Weatherford: This might be another area where I don't agree completely with Joe. Joe maintains a database of 1300 or so of these cyber incidents that most people don't agree were cyber incidents. And that is a big point of contention. And this one that he just mentioned—that there were zero lines of code—how do we know that, Joe? I mean, how do you know that that was not a cyber incident? I'm not saying that this database that Joe has, that these weren't incidents of some kind. But here's my position. Three people can barely maintain a secret. And when we have some of these big incidents that dozens and hundreds and thousands of people are aware of, more people would be talking about these things as cyber incidents if in fact they were really this type of cyber incident. So that's my response, Joe.

Hechler: Let’s get back to that water threat.

Weiss: I have over 100 control system cyber cases in water and wastewater. The first one was the Maroochy Shire case in Australia, where you had a disgruntled ex-system integrator who remotely opened a sewage discharge valve 46 times and dumped I think it was a million litres of sewage on the grounds of a Hyatt Regency in Australia. There was a case in Spencer, Massachusetts, in 2007, where they had a sodium hydroxide over-fortification and 140 people went to the hospital. They had to boil water for four days. Was it a control system cyber incident? This was putting a programmable logic controller [PLC] in manual operation. So it basically didn't stop at any of the alarms. That's one that really did happen and was a control system cyber incident. Oldsmar was not very sophisticated. But what happened was that this case was made public because the sheriff held a news conference.

Hechler: Is that unusual?

Weiss: Very. Most of the cases never see the light of day.

Hechler: Why is that? And why was this one the aberration?

Weiss: I can only speculate. My speculation is that the sheriff held a news conference. DHS and the FBI didn't get there in time to stop him from holding a news conference.

Weatherford: Well, now you're implying that they would have stopped him. And I'm not sure that's the case. I agree with Joe on this, though. There are probably a lot of incidents like this that happen, and that never get reported. Because somebody catches them early enough. And it gets—I’m not saying that this is a nonevent, but it ended up being a nonevent. An operator caught the issue and was able to remedy it before anything bad happened.

Hechler: Mark, from your perspective as someone who's been inside the government, can you talk about who investigates these kinds of OT cases? And how often they become public information? And why we don't hear about more of them?

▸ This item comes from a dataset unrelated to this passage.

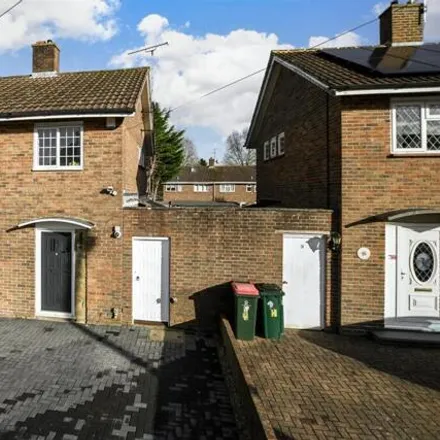 Buy this 3 bed duplex on 47 Oxford Road in Tilgate, RH10 5JH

Weatherford: I think it depends on the vertical of the critical infrastructure. Certainly in the electricity industry, which I'm most familiar with, the Department of Energy (DOE) and NERC coordinate on those events. I've been out so long, I can't remember the name of the report. Joe knows what it is. DOE requires utilities to file a report anytime there's a cyber event. Whether you think that the critical infrastructure protection standards for the electricity industry are good or bad, I don't think that anyone would argue that the electricity industry isn't better off today than they were before the CIP [critical infrastructure protection] standards. The problem is that the electricity industry is the only one of the 16 critical infrastructures that has any kind of federally mandated cyber security standards. To your point. that's a problem from a reporting perspective. In many cases, companies are not required to report cyber security incidents. That's one of the things in the current executive order that President Biden is considering right now: to require certain industries that service or supply the federal government to have mandatory reporting requirements after a security incident. So why doesn't that happen more often? Well, I think it's obvious. Bad publicity is not good for a public company. And so a lot of the cases that they're able to remediate quickly enough: no harm no foul, so no reporting occurs. Is it right? I don't know if it's right or not. To the other part of your question, the government gets involved in some of these. DHS gets involved in a lot of these cases, and DHS has a program specifically so that if a company is having a problem, has had an incident, they can call DHS, call US-CERT and report a problem. And US-CERT assures the confidentiality of that report, so that they can help them mitigate it. And it's been a very successful program. They're able to help remediate a lot of public sector security problems that they would never know about if they didn't have this vehicle for confidentiality.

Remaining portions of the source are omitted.